The "fixed stars" are not actually fixed, the earth's tilt changes over time etc., but all that happens slowly on human timescales.
Imagine a Babylonian astronomer (or astrologist?) teleported to the present, e.g. to present-day Iraq. Would she be able to tell that the sky is different? If so, what about a Maya astronomer? In other words, how long does it take until the changes in the sky are perceptible to the human eye?
Here's part of the sky in the year 1
It is part of the sky you may know well, Orion and the dogs. I've marked the current positions of Sirius, Procyon and Betelgeuse, with green markers so you can see how their positions have changed over 2000 years. It's not a lot.
The first thing that the Babylonian astronomer might notice is that there is a pole star, one that is fixed. 2000 years ago, Polaris was more than 10 degrees from the True North. Now it is less than 1 degree. It isn't immediately obvious from a casual glance at the sky, but it would be noticeable and surprising to Babylonian astronomer.
If they started looking at the position of stars at a particular time and a particular date, they would find that things are in the "wrong" position. Of course "on a particular date" assumes a calendar, and the Babylonian calendar was not the Gregorian calendar. With more measurement they would find that the point of Aries is now in Pisces. Again, its not something you would notice at a glance, but it is within the ability of a Babylonian astronomer.
Now the stars have actually moved since year 1. But it would not be casually noticeable. It would be within the ability of our Babylonian astronomer to measure, if we asked them to. The relative positions of Sirius and Betelgeuse have changed. The Babylonians could measure angles in the sky precisely enough. But we don't know if they did, and if they did we don't know if they wrote them down.
So our Babylonian would not look up and immediately say "something's wrong". But if we 1. Prepared him by telling them to take careful measurements of Polaris, Sirius and so on. and 2. Gave them some prompts on what to look for in terms of proper motion and precession, then it would be possible for them to observe some changes.

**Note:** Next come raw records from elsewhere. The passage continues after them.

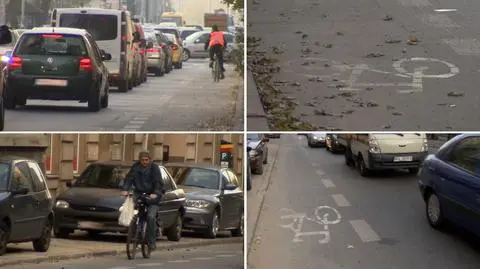 Spór o pasy rowerowe w centrum miasta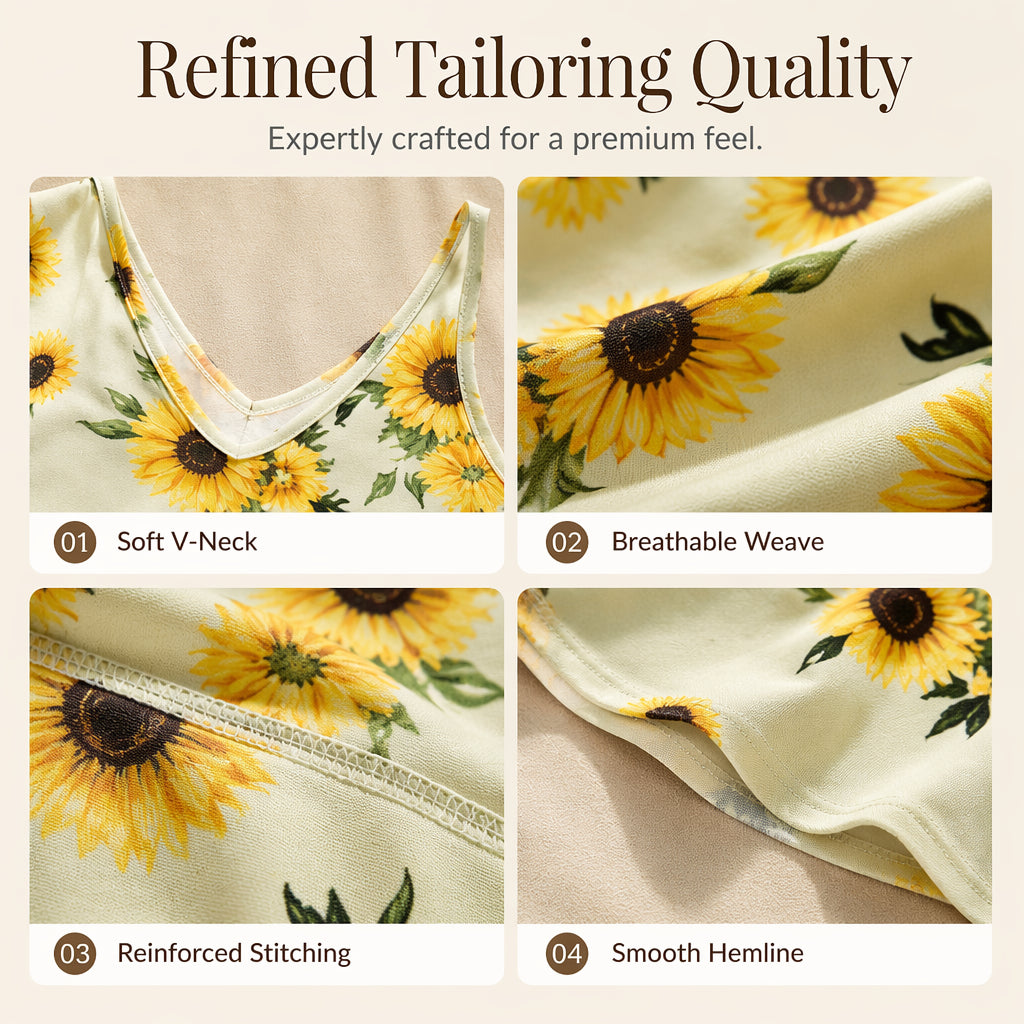 Robe maxi imprimée à bretelles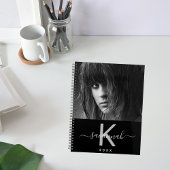 Aangepaste foto zwart wit monogram 2027 planner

If you don't know if they measured precisely or wrote measurements down, how do you know they *could* make precise measurements if asked? This answer could benefit from some citation (or at least explanation) about the abilities of a Babylonian astronomer.
So... you *do* know that they measured them precisely? Then why say you don't know if they did, if you *do* know?
Measuring accurately the positions over time of the "wandering stars" (planets) is only to be expected. For ancient astronomers to expend equal effort to repeatedly measure **over time** the positions of the "fixed stars" relative to each other would actually be somewhat of a surprise.
FWIW, the Babylonian / Chaldean astronomers used ecliptic longitude & latitude for recording the positions of the planets & the Moon. Some later Babylonians *may* have deduced that the First Point of Aries is moving relative to the stars; after all Hipparchus used Babylonian data (in conjunction with data from other sources) to deduce the precession of the equinoxes.
The Babylonians left daily records spanning over 700 years. See Babylonian astronomical diaries for details, including links to translations. It's not exactly riveting reading material, but I'm very glad we still have those records, and that people have made the effort to translate them.